I just installed the Lingenfelter CAI and I don't see any difference in performance. It was a bitch to put on since there were no instructions but I did get them off their WEB site. No air sucking in mine either but I think there is a slight difference in the exhaust sound - a bit bolder - I think ! ! !


----------



## Russ2005 (Nov 24, 2005)

Loubo, 

I bought mine new and it came with color instructions. It was a simple install taht took about 30 minutes. Glad you got yours on. I also think the exhaust sound is a bit bolder. I also can't really tell any noticable RWHP increase, however, as a buddy pointed out, going from about 338 to 350 is probably not going to be noticable. One thing that is a definate change is I have gone to a pretty consistant 16.9/gallon on my daily to 17.2/gallon. That in itself along with reusuable filter pays for the product.


----------



## Loubo (Nov 3, 2005)

Russ2005 said:


> Loubo,
> 
> I bought mine new and it came with color instructions.
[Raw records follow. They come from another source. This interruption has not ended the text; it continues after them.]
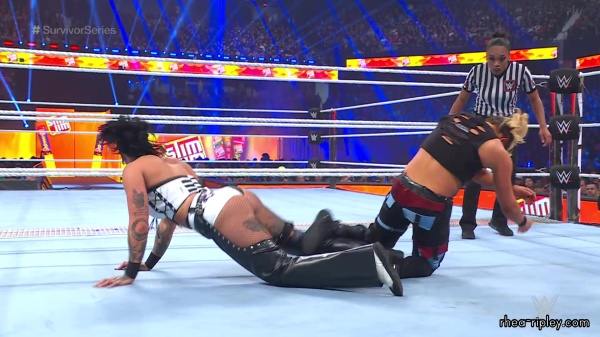 WWE_Survivor_Series_2023_Rhea_vs_Zoey_2753.jpg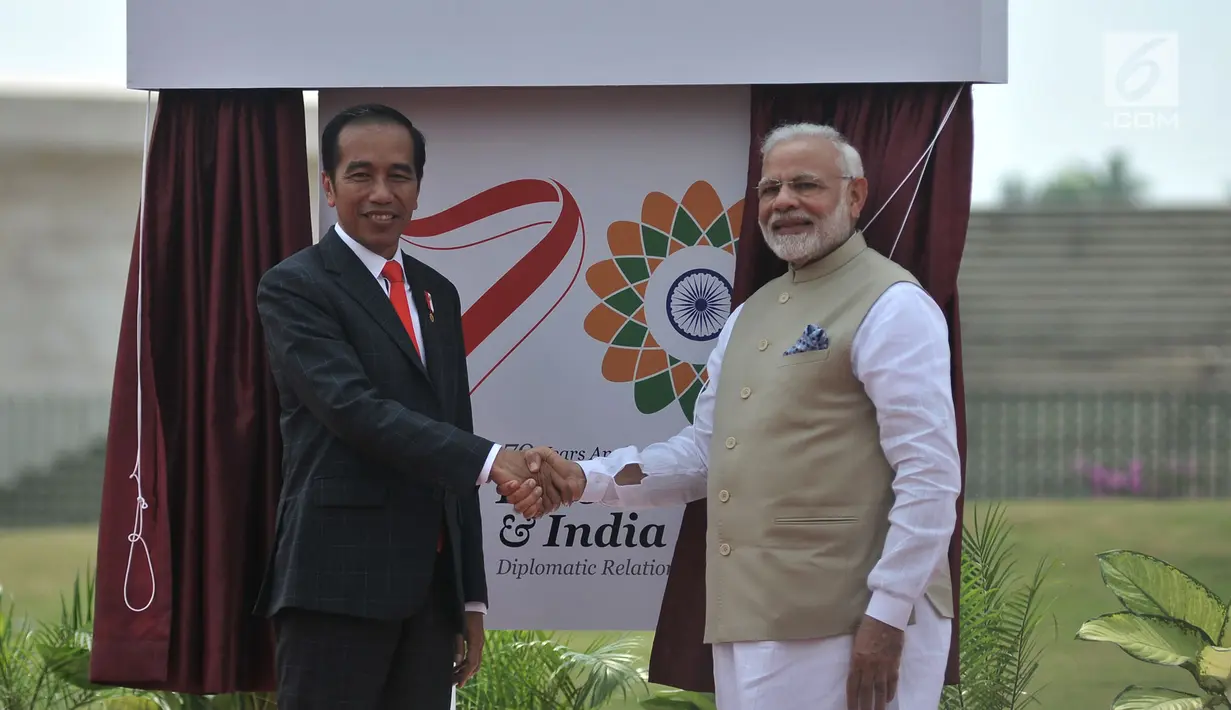 Presiden Joko Widodo (Jokowi) dan Perdana Menteri India, Narendra Modi berjabat tangan seusai membuka tirai peringatan HUT hubungan diplomasi Indonesia-India di kawasan Monas, Jakarta, Rabu (30/5). (Merdeka.com/Iqbal S. Nugroho)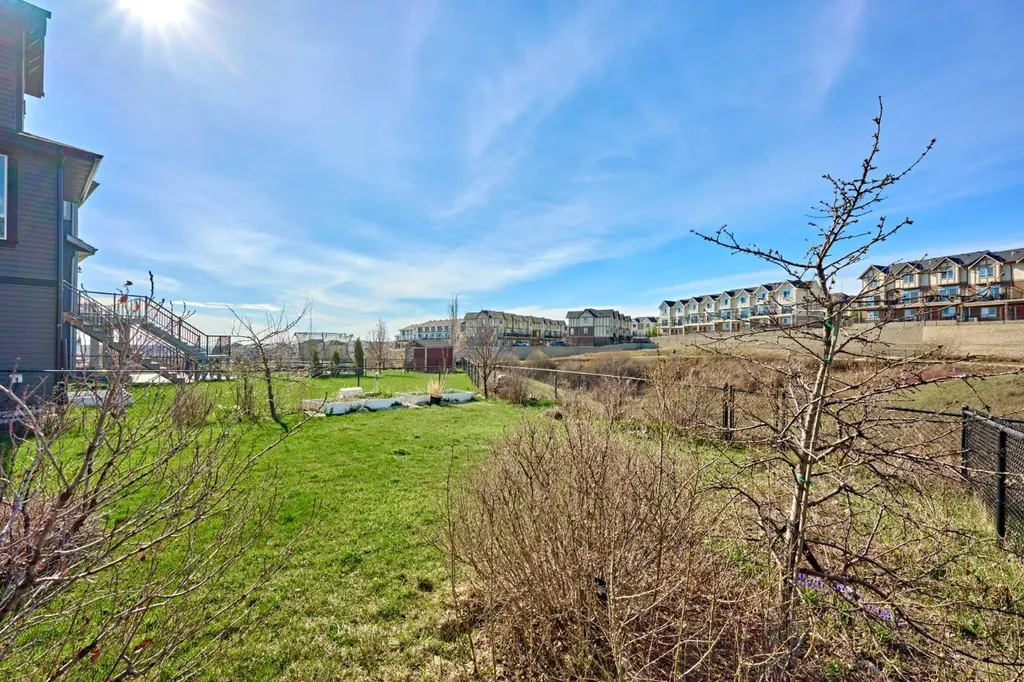 109 Sherwood Road NW Calgary AB T3R 0P1
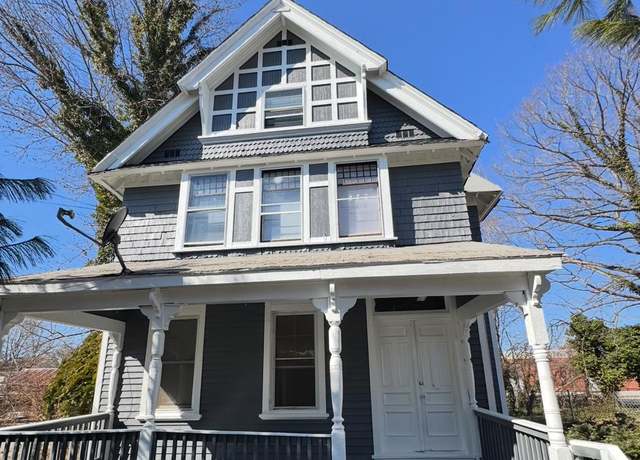 Property at 93 7th St, Salem, NJ 08079, 6 beds, 2.5 baths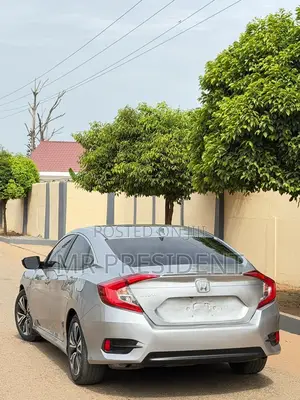 Honda Civic EX-L Sedan 2018 Silver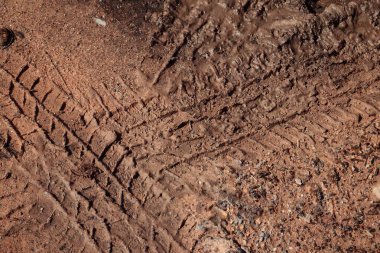 Toprak yol arkaplanı veya desen üzerindeki tekerlek izleri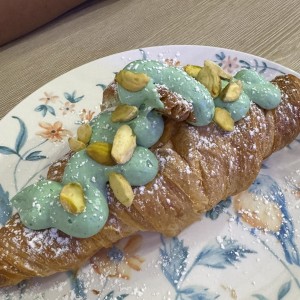 Croissant Con Crema de Pistacho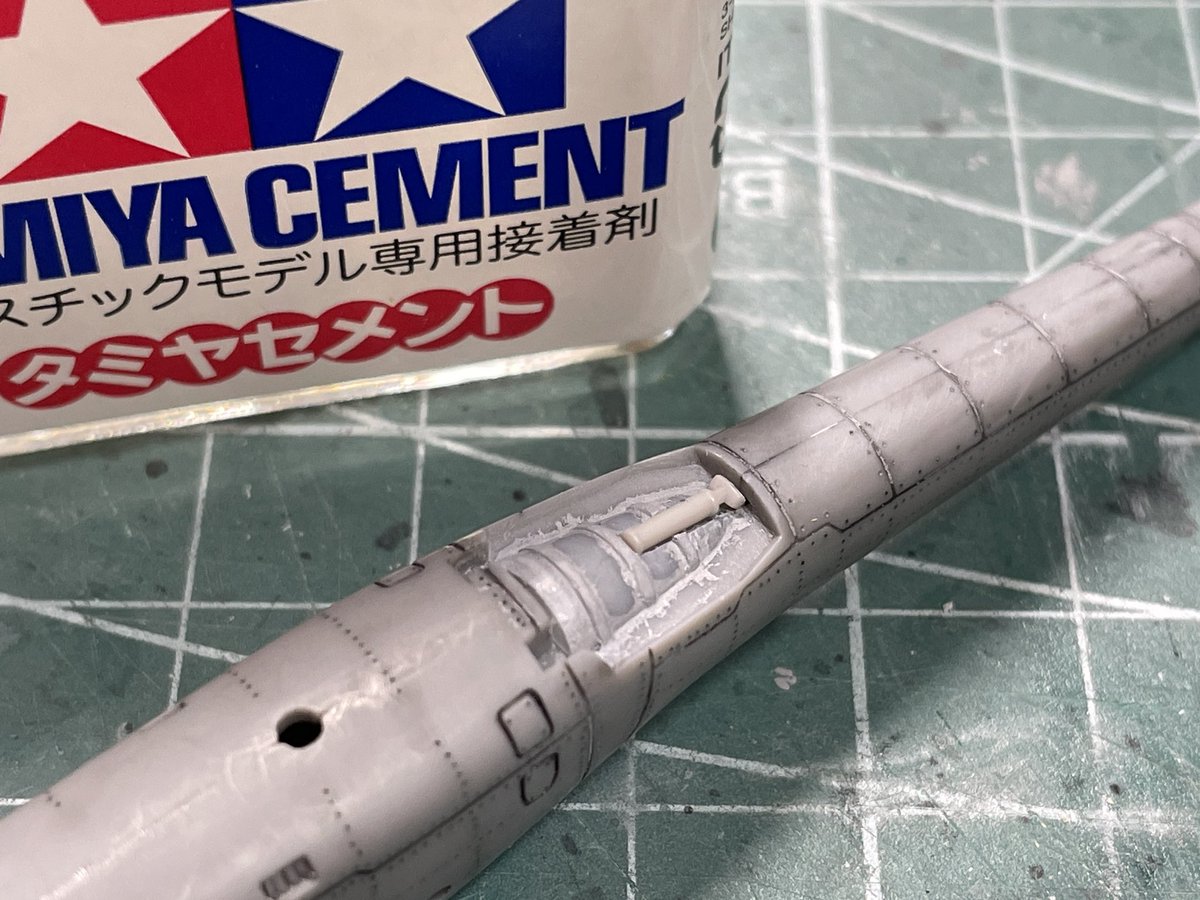 wizard03_765's tweet image. 1/144 AFH-02B ヘルハウンド
結局それっぽくエアブレーキ開閉用シリンダーを付けた(^^)
#パトレイバー
#パト2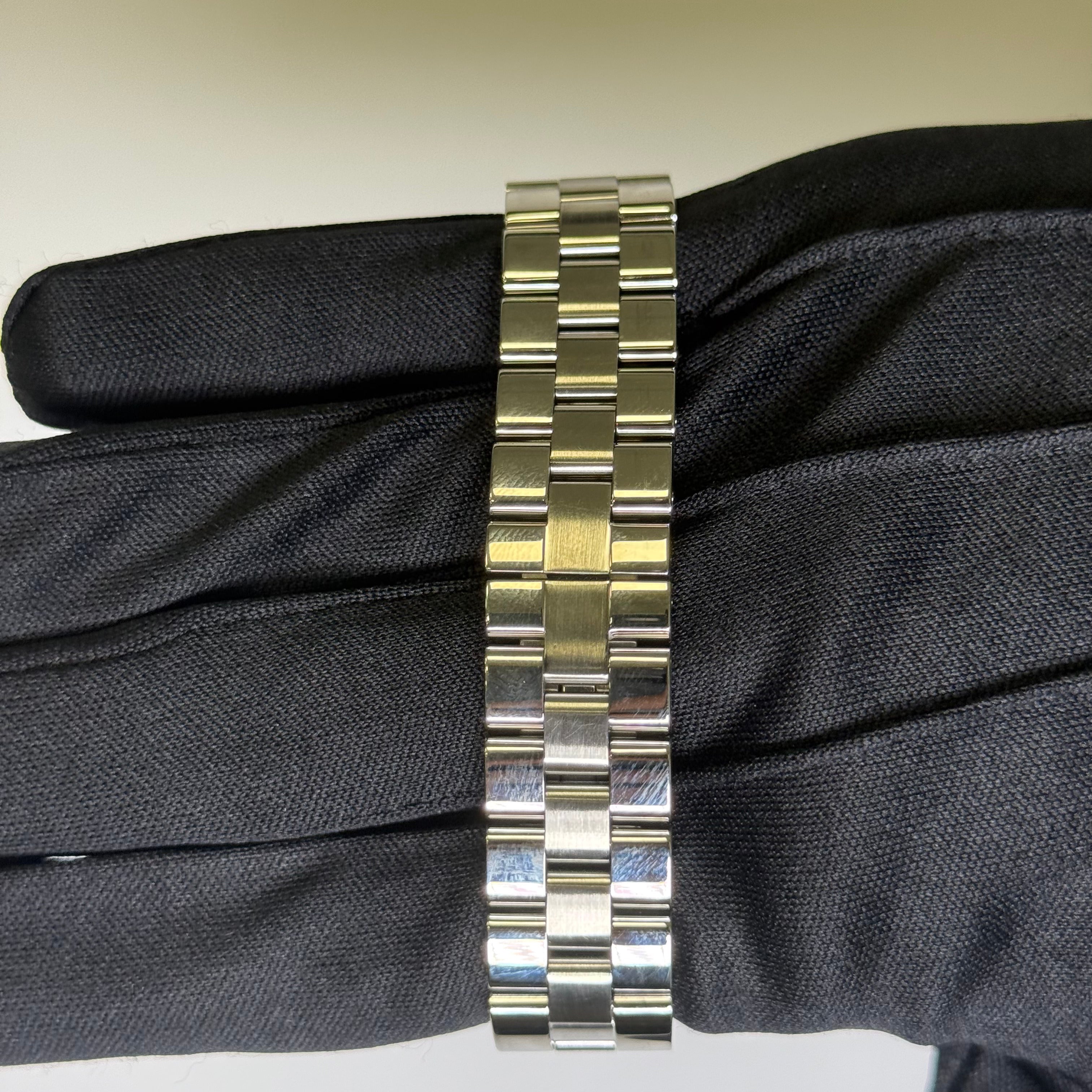 Cartier Roadster 31mm Silver Dial Watch Ref# W62016V3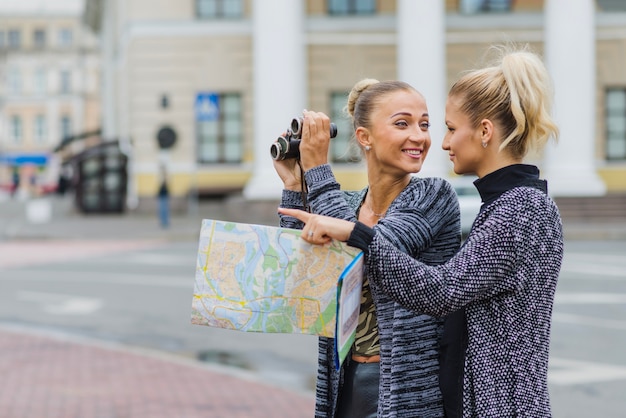 Le donne graziose visitano in città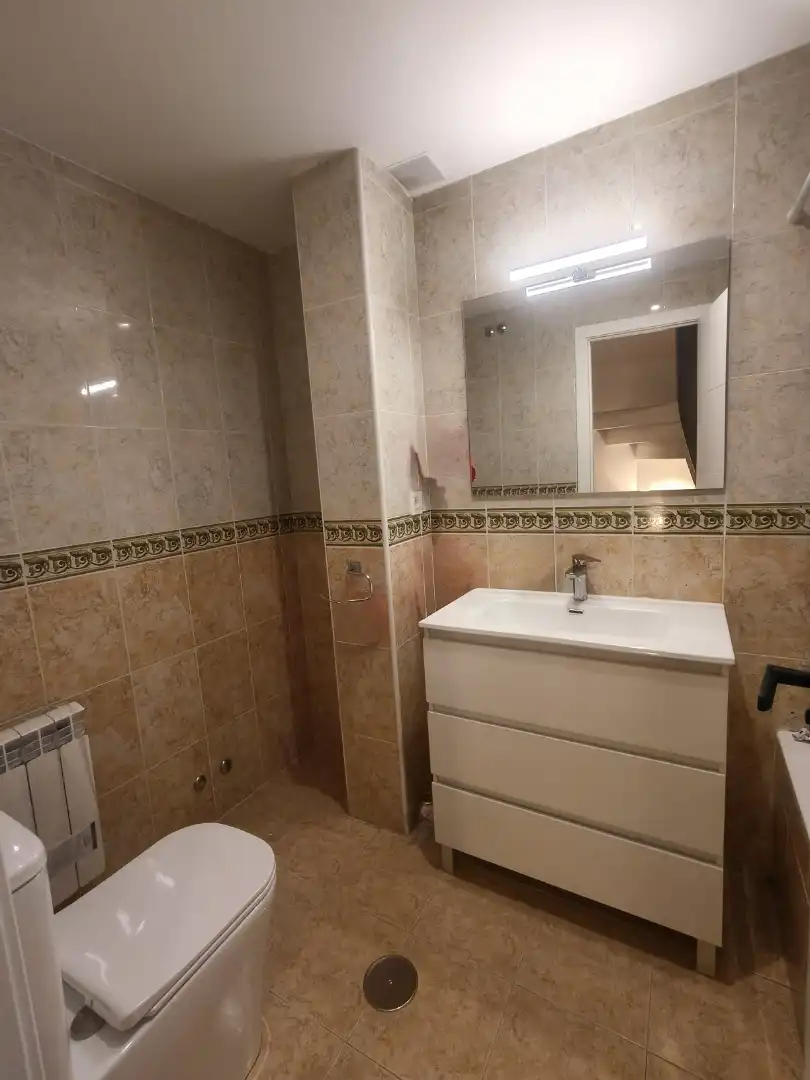 Baño de Casa adosada de alquiler en Monfarracinos, Zamora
It was a simple install taht took about 30 minutes. Glad you got yours on. I also think the exhaust sound is a bit bolder. I also can't really tell any noticable RWHP increase, however, as a buddy pointed out, going from about 338 to 350 is probably not going to be noticable. One thing that is a definate change is I have gone to a pretty consistant 16.9/gallon on my daily to 17.2/gallon. That in itself along with reusuable filter pays for the product.


:agree


----------